The firm said increasing asset values, coupled with inflation, will mean thousands more estates will likely be liable to pay the tax over the coming years.
The Inheritance Tax threshold has been fixed at £325,000 since April 2009.
In the subsequent period, the rise in value of assets has meant that more estates than ever before are liable for the tax, which took in £5.2billion for HM Revenue and Customs (HMRC) in 2020.
If the threshold had kept up with inflation it should now stand at £446,000, and this is only set to get worse between now and 2026, Boodle Hatfield said.
Kyra Motley, Partner at Boodle Hatfield, commented on the threshold and the level at which it remains.
“Few would have believed when the Inheritance Tax threshold was set in 2009 that it would still be the same in 2026,” she said.
“A growing number of estates will be hit with a tax bill as a result.
“Inheritance Tax was initially intended to only apply to the very wealthy.
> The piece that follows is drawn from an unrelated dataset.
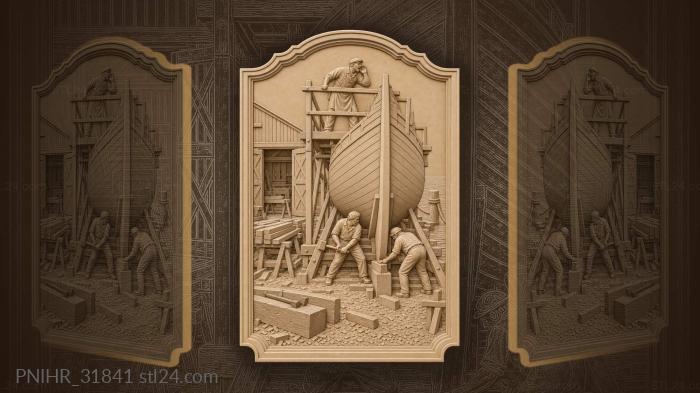 Shipyard launch building wooden hull 3d STL model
However, it has become a tax on Middle England.
“Despite fears of a wealth tax being unfounded, the freeze on the IHT threshold is effectively a stealth increase in the tax rate that impacts a growing number of families every year.”
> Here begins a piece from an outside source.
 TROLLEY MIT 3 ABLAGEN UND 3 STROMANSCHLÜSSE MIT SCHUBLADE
There is normally no Inheritance Tax to pay if the value of the estate – meaning property, money and possessions – is below the £325,000 threshold.
Usually there isn’t any IHT to pay if the person leaves everything above the threshold to their spouse, civil partner or a community amateur sports club.
Even if the estate’s value is below the threshold, it still needs to be reported to HMRC.
There are ways in which the threshold can be increased.
The standard Inheritance Tax rate is 40 percent.
This rate is only charged on the part of the estate that is above the threshold.